Granted, there are certain subsections of the American polity that have substantially benefited from this presidency. Millionaires and charismatic Christians have accrued either material or spiritual fortification from Bush’s administration. But surely these two groups are a small minority of the population. What, then, can account for so many people being so supportive of the president?
The answer, I’m afraid, is the factor that dare not speak its name. It’s the factor that no one talks about. The pollsters don’t ask it, the media don’t report it, the voters don’t discuss it.
I, however, will blare out its name so that at last people can address the issue and perhaps adopt strategies to overcome it.

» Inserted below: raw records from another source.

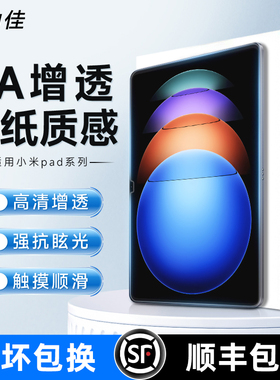 膜力佳适用小米平板8Pro类纸膜小米7Spro保护膜11.16寸小米7Ultra屏幕膜小米3a平板5pro手写12.4高清ar贴膜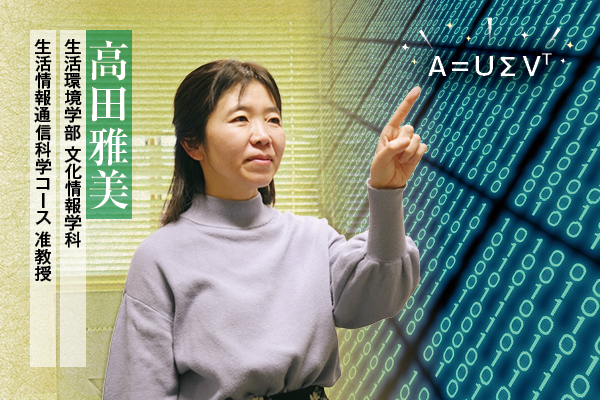 高田先生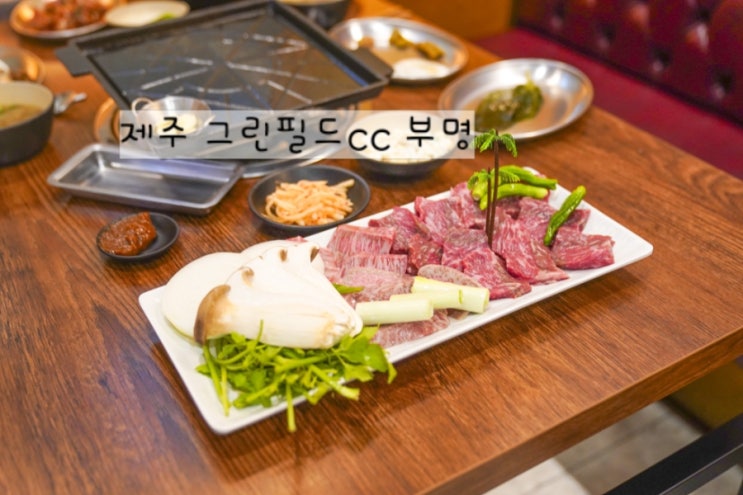  제주 그린필드cc맛집 골퍼들이 즐겨찾는 한우 부명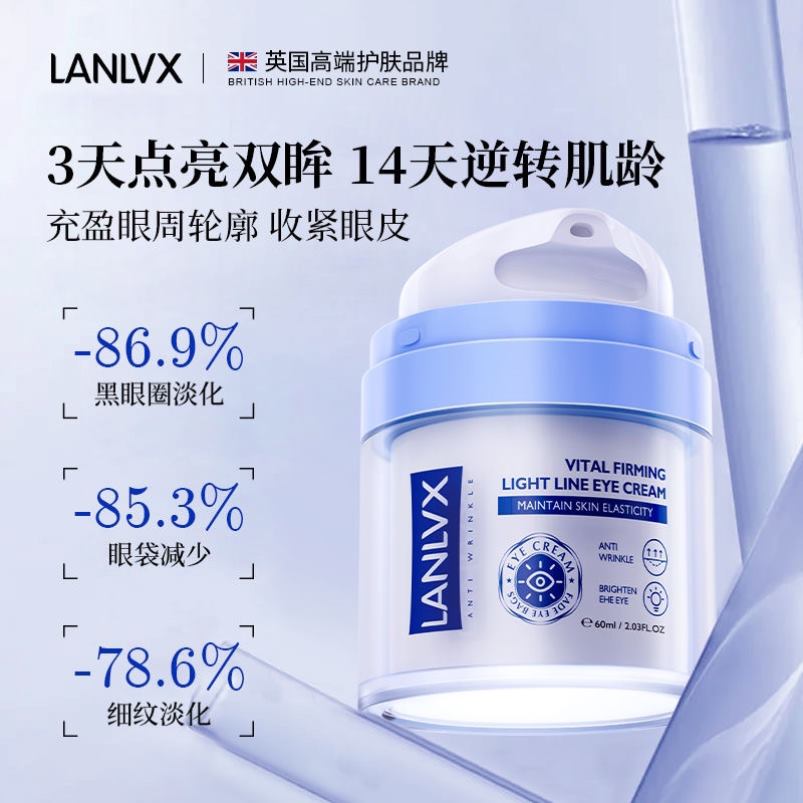 LANLVX英国进口眼霜淡化细纹黑眼圈眼袋抗皱提拉紧致男女日夜眼霜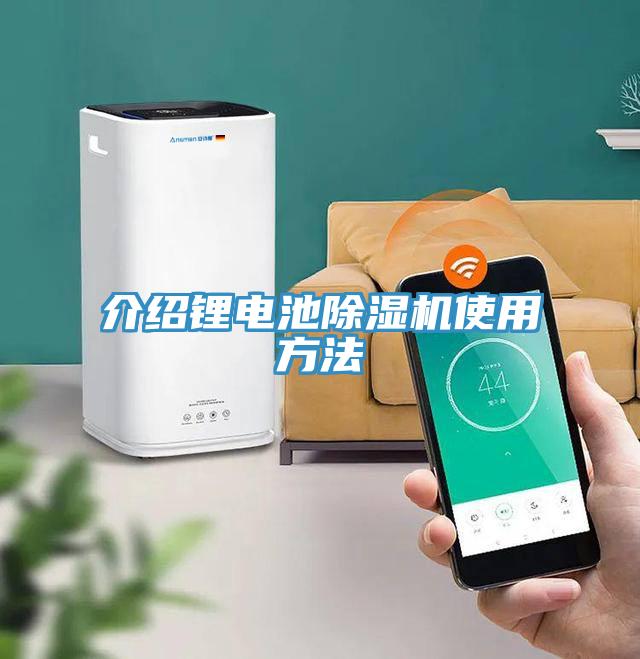 介紹鋰電池除濕機使用方法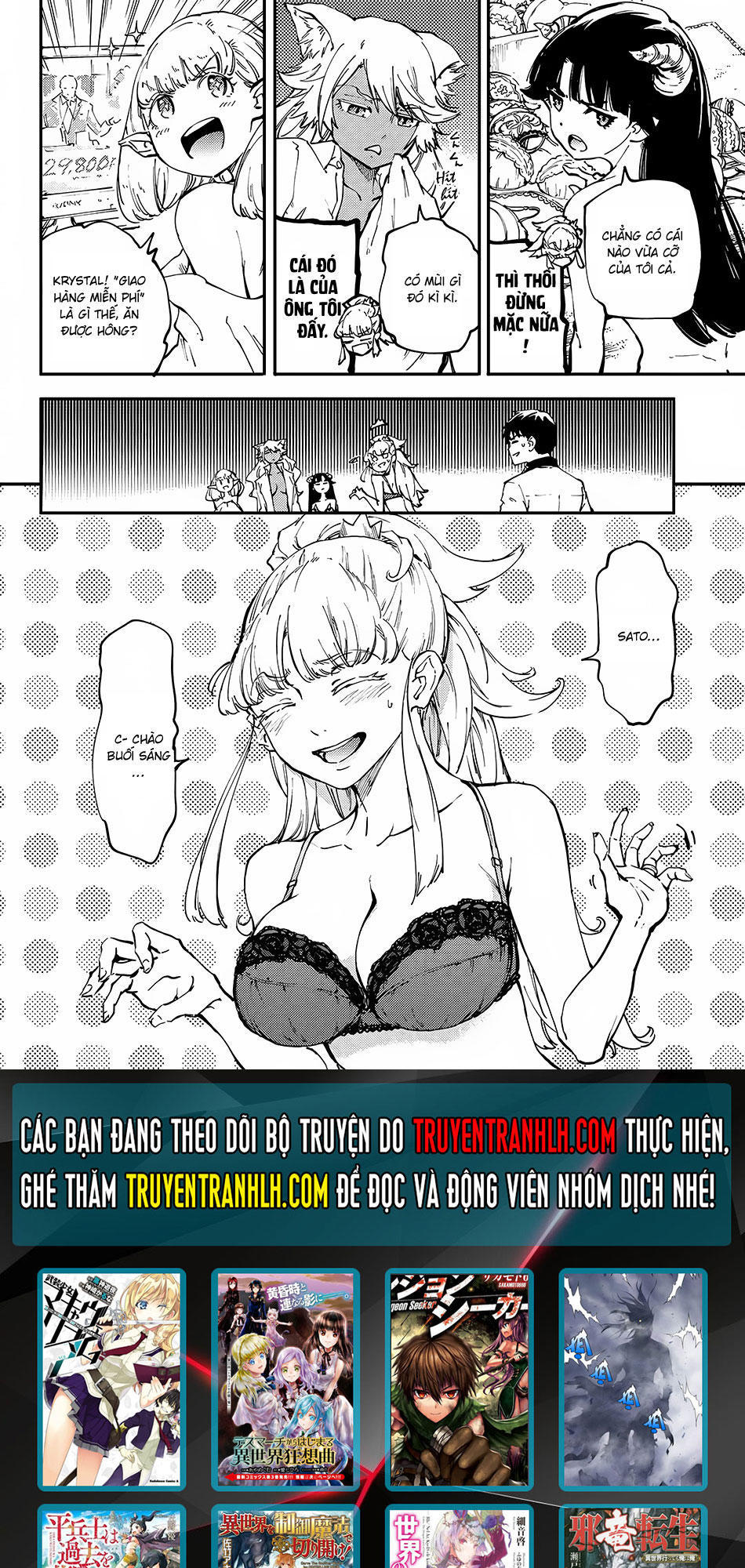 Kekkon Yubiwa Monogatari Chapter 26 - Trang 2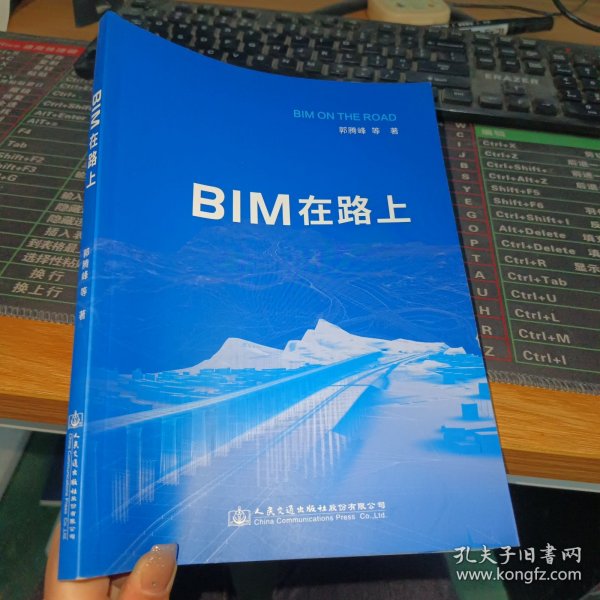 BIM在路上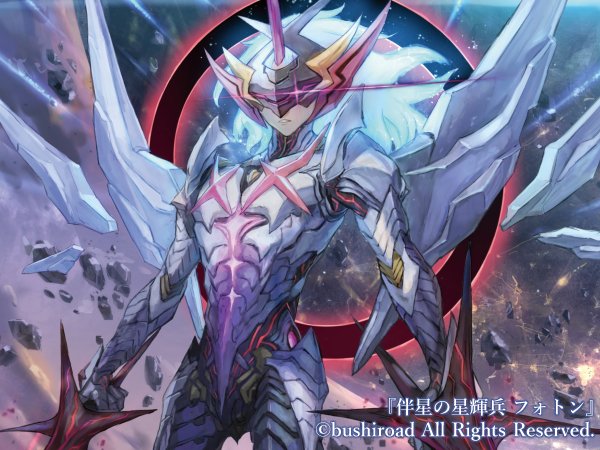 カードファイト!!ヴァンガードZEROにて描かせていただいた『伴星の星輝
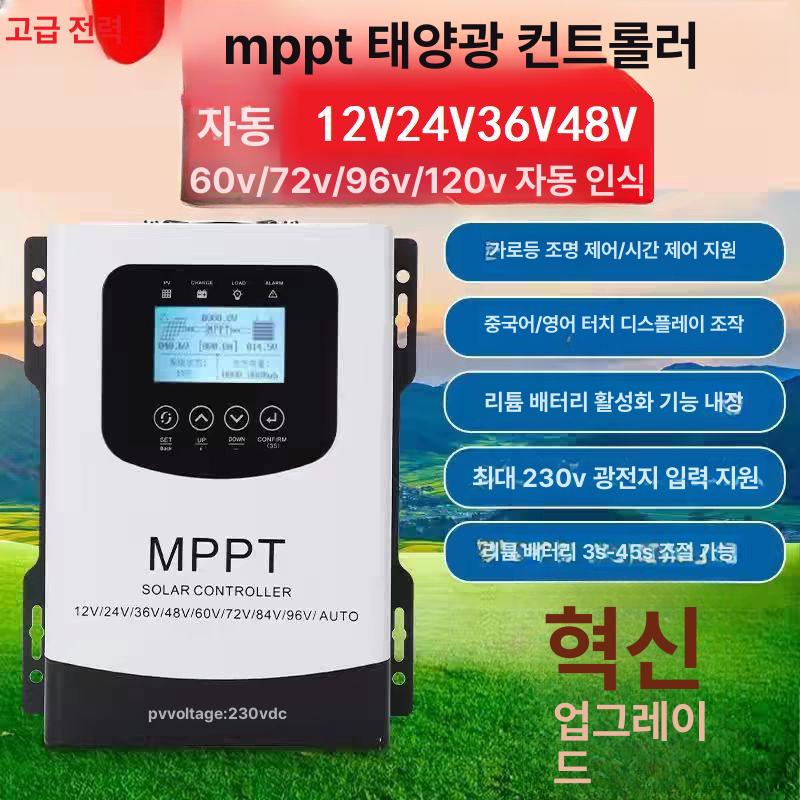 태양광 충전 컨트롤러 MPPT 패널 30A 솔라 제어 30A 12V-120V 1단계 강화 240V - 상세 이미지 2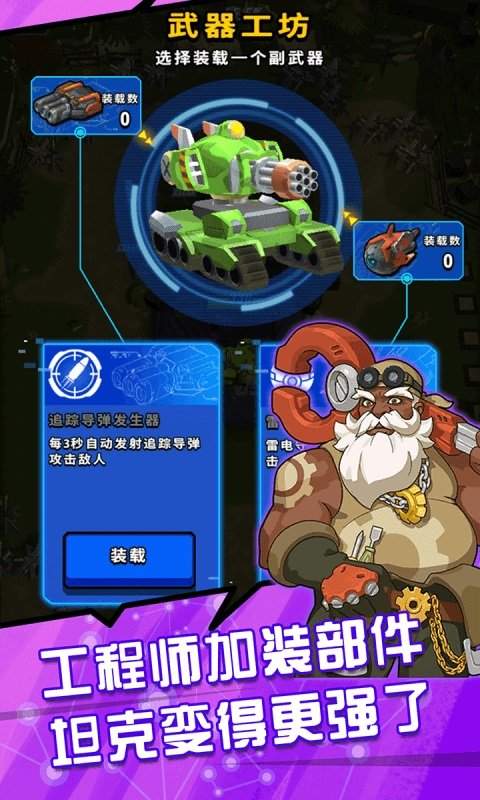 yx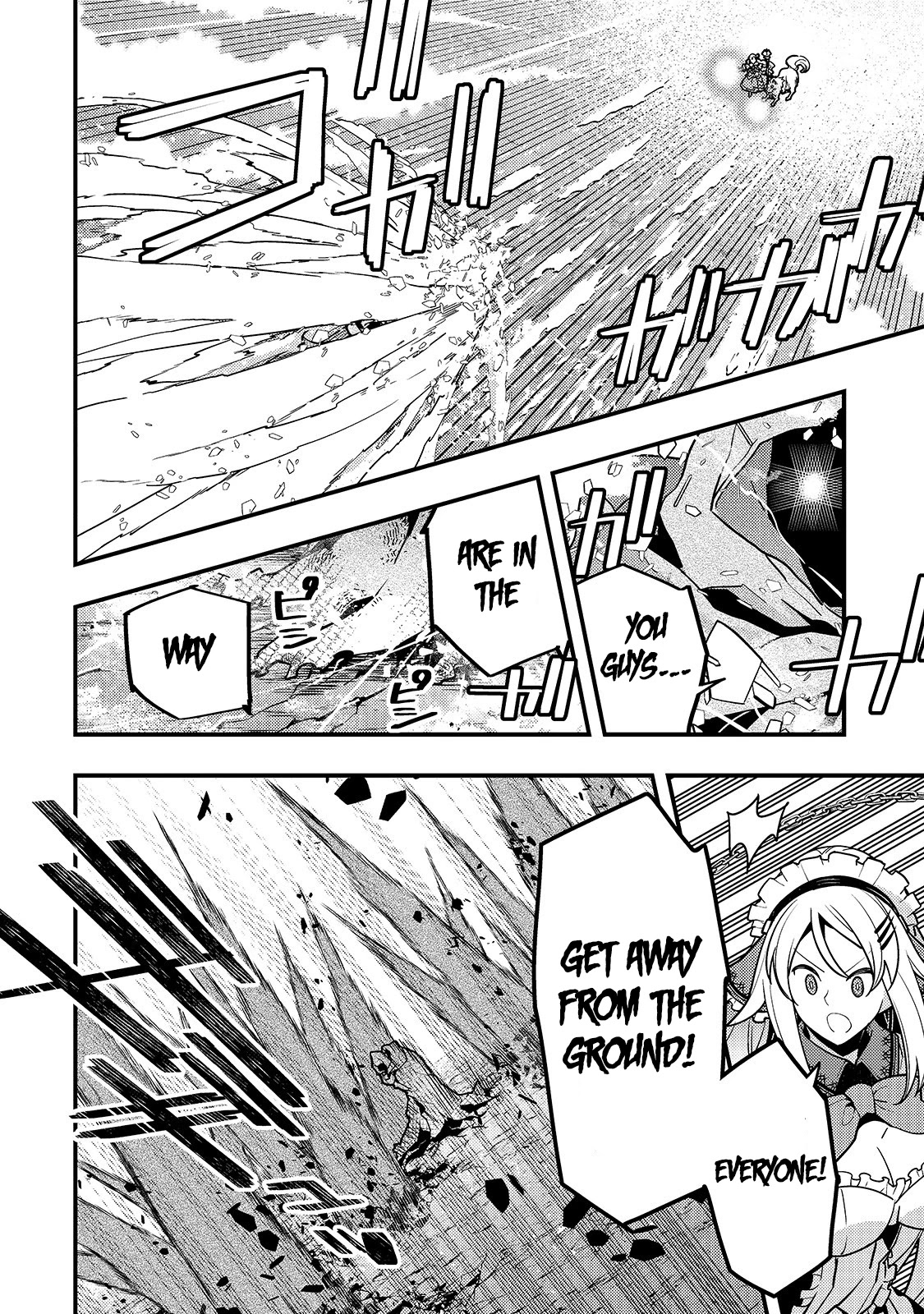 Kyoukai Meikyuu to Ikai no Majutsushi Chapter 32 page 7 - Chapter 32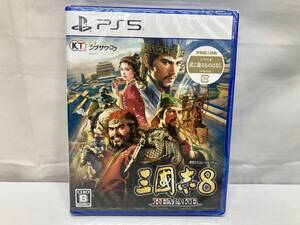 未開封品 三國志8 REMAKE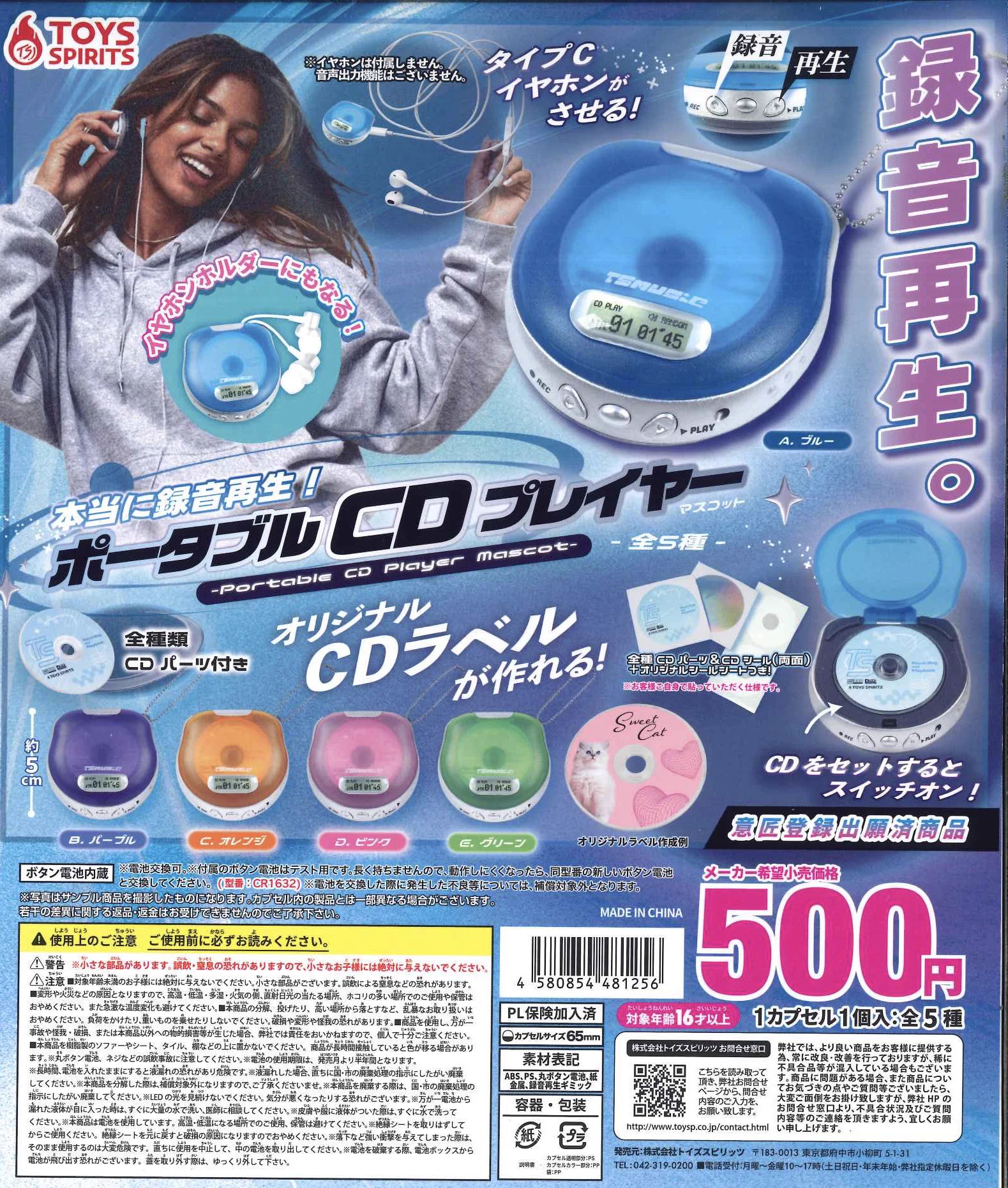 C-plaなんばCITY店【公式】 on X: 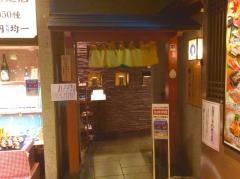 海鮮処寿し常丸井錦糸町店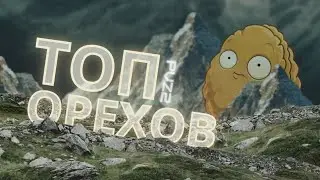 ТОП ОРЕХОВ В PvZ 2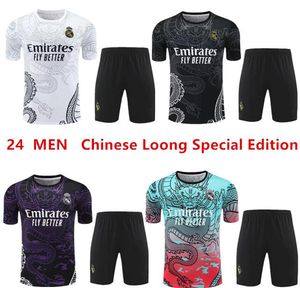 24 Çin Loong Özel Baskı Kısa Kollu Eğitim Gömlek Vini Jr Bellingham 24 Real Madrid Erkekler Futbol Camavinga Jersey Chandal Futbol Anket
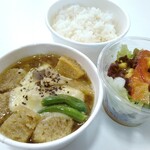 ソーシャルカフェ サイン ウィズミー×ベリーベリースープ - オニオングラタンハンバーグ＋サラダ＋ライス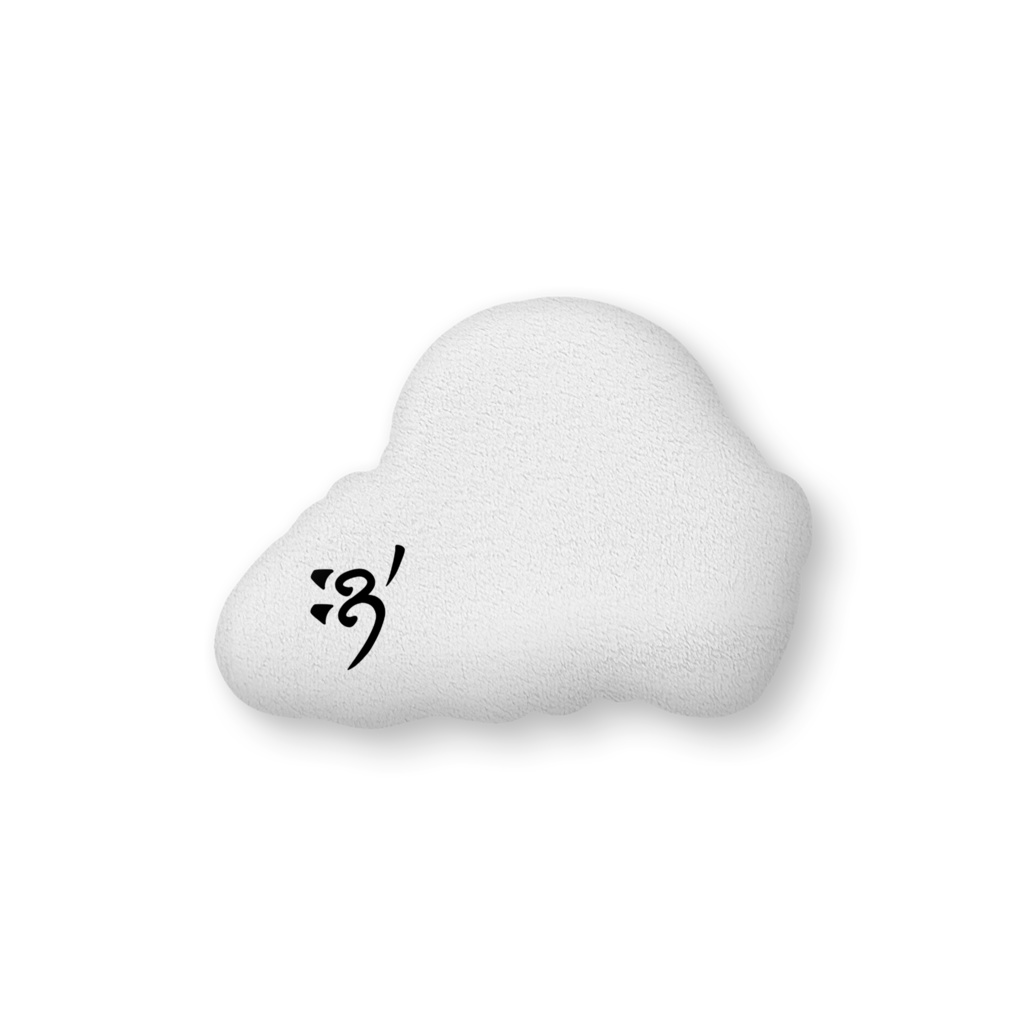 ばくっしょん 寝ばく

It’s the “Stupid factor,” the S factor: Some people — sometimes through no fault of their own — are just not very bright.
Well, I certainly wouldn’t dispute that fact. Indeed, at least one of them lives in Seattle.
But this seems an implausible rationale to explain why somewhere between 51 and 63 percent of the population approves of President Bush’s job performance. Even if we define “stupid” in such a way as to encompass the majority of the population–and I’ve done that myself on occasion–it’s worth noting that President Bush’s approval numbers have been as high as 91%.
Further, I would note that Al Gore got a larger plurality of the popular vote (or so I’ve heard) in 2000 and Bill Clinton got a plurality in both 1992 and 1996 — all in races with three significant candidates. So, regardless of the validity of the S Factor, I’m not sure what predictive value it has.
(Hat tip: Andrew Sullivan)
*This seems to be his claim to fame, as that’s all the information provided in the byline.